THE INPUT

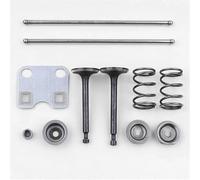 LAVAS Placa guía de varilla de empuje del balancín de válvula for motor de gasolina Honda-GX160 GX200 de 5.5HP y 6.5HP, bomba de agua, desbrozadora, cortadora de maleza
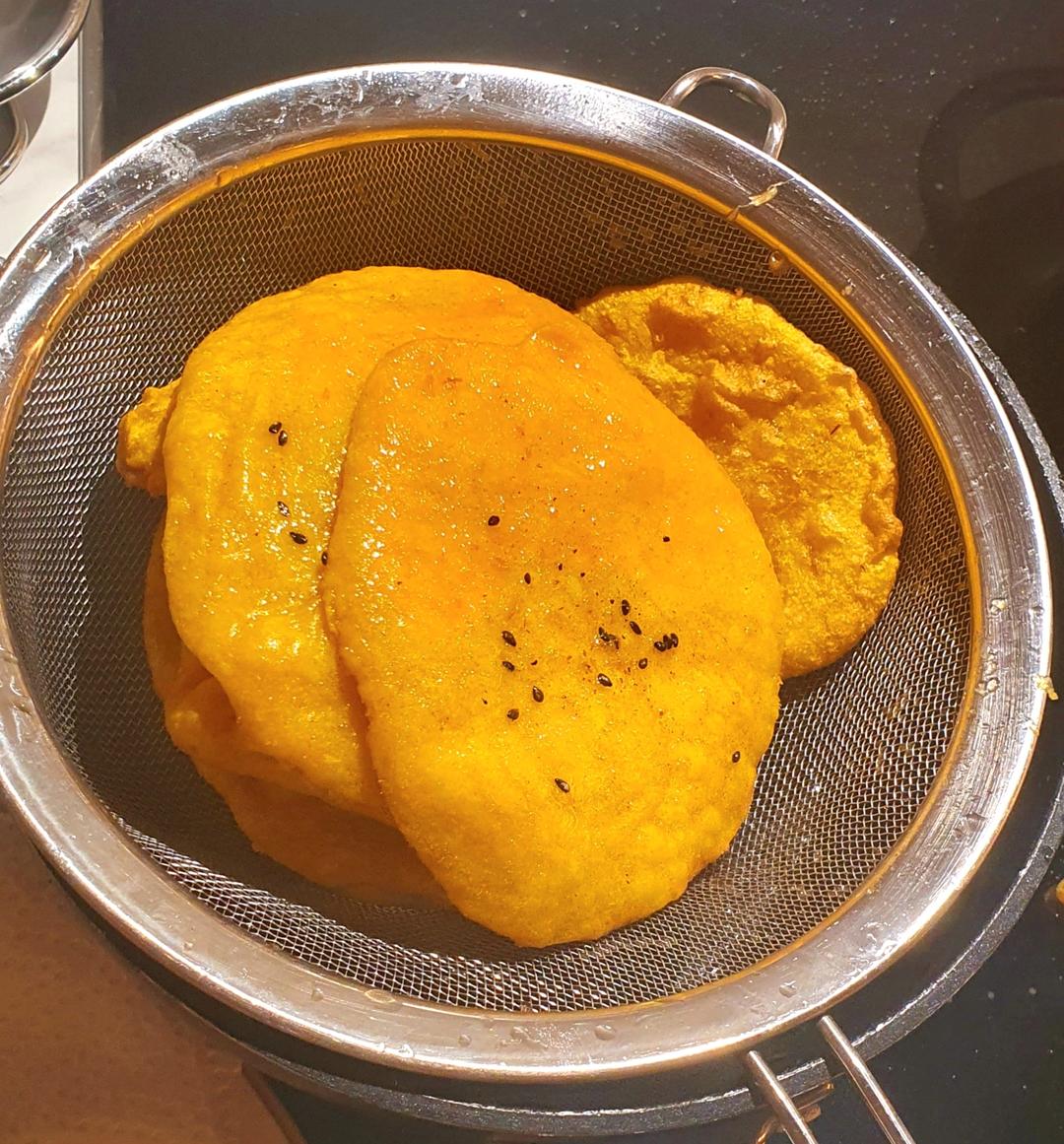 最爱炸物🔥外酥里糯南瓜饼✨简单三步的零失败做法❗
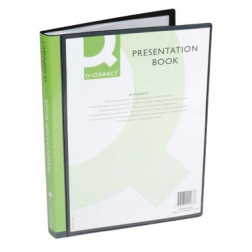 Q-CONNECT protège-documents personnalisable A4 40 pochettes noir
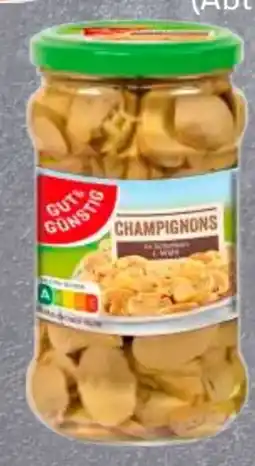 Edeka Gut & Günstig Champignons 1. Wahl Angebot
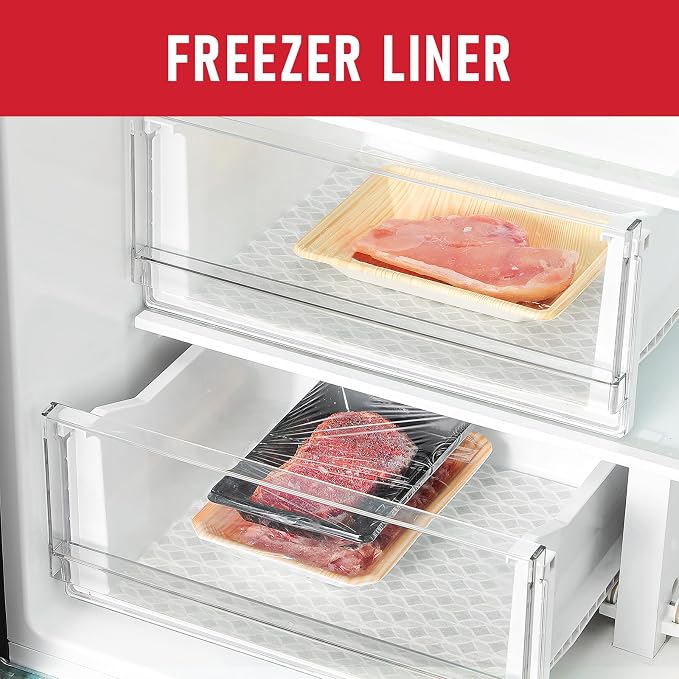 Cooyes 12 Pack Large Refrigerator Liners 17.7" x 36", Absorbent Strong Grip Fridge Liners Washable, Fridge Shelf Liner for Kitchen Cabinets, Non-Adhesive Refrigerator Bin Liners and Mats - Image 8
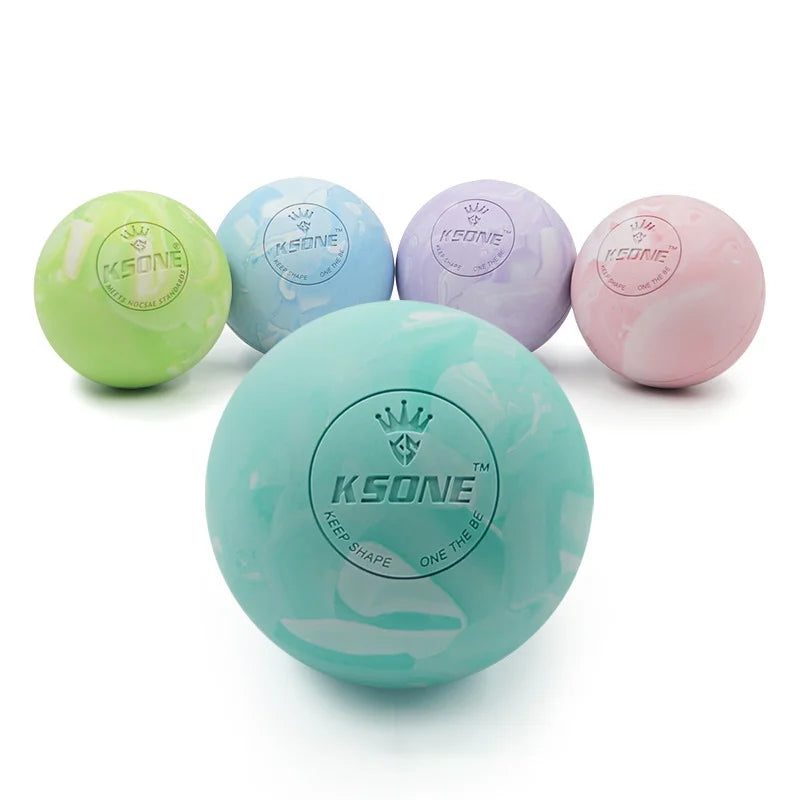 One Piece Yoga Massage Ball Fascia Ball Solid Rubber Ball/Mixed Color Muscle Relaxation Ball For Muscle Recovery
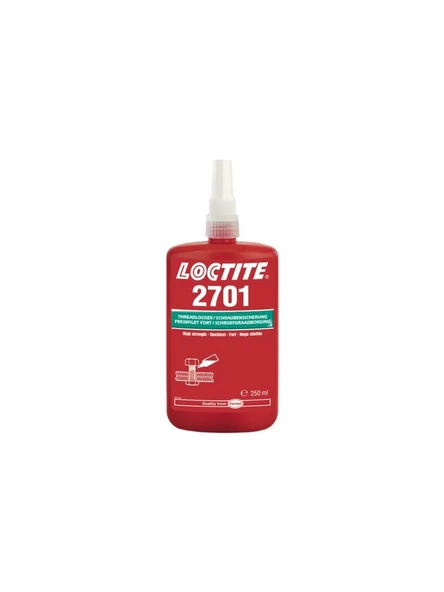 Loctite 2701 250 ml Yüksek Mukavemetli Sökülemez Civata Sabitleyici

GOAL OF THE EXERCISE
A verbatim transcription of the records, pictures excluded, is the required output.

WRITTEN RESPONSE
 LAVAS Placa guía de varilla de empuje del balancín de válvula for motor de gasolina Honda-GX160 GX200 de 5.5HP y 6.5HP, bomba de agua, desbrozadora, cortadora de maleza
 最爱炸物🔥外酥里糯南瓜饼✨简单三步的零失败做法❗
 Q-CONNECT protège-documents personnalisable A4 40 pochettes noir
 Edeka Gut & Günstig Champignons 1. Wahl Angebot
 Cooyes 12 Pack Large Refrigerator Liners 17.7" x 36", Absorbent Strong Grip Fridge Liners Washable, Fridge Shelf Liner for Kitchen Cabinets, Non-Adhesive Refrigerator Bin Liners and Mats - Image 8
 One Piece Yoga Massage Ball Fascia Ball Solid Rubber Ball/Mixed Color Muscle Relaxation Ball For Muscle Recovery
 Loctite 2701 250 ml Yüksek Mukavemetli Sökülemez Civata Sabitleyici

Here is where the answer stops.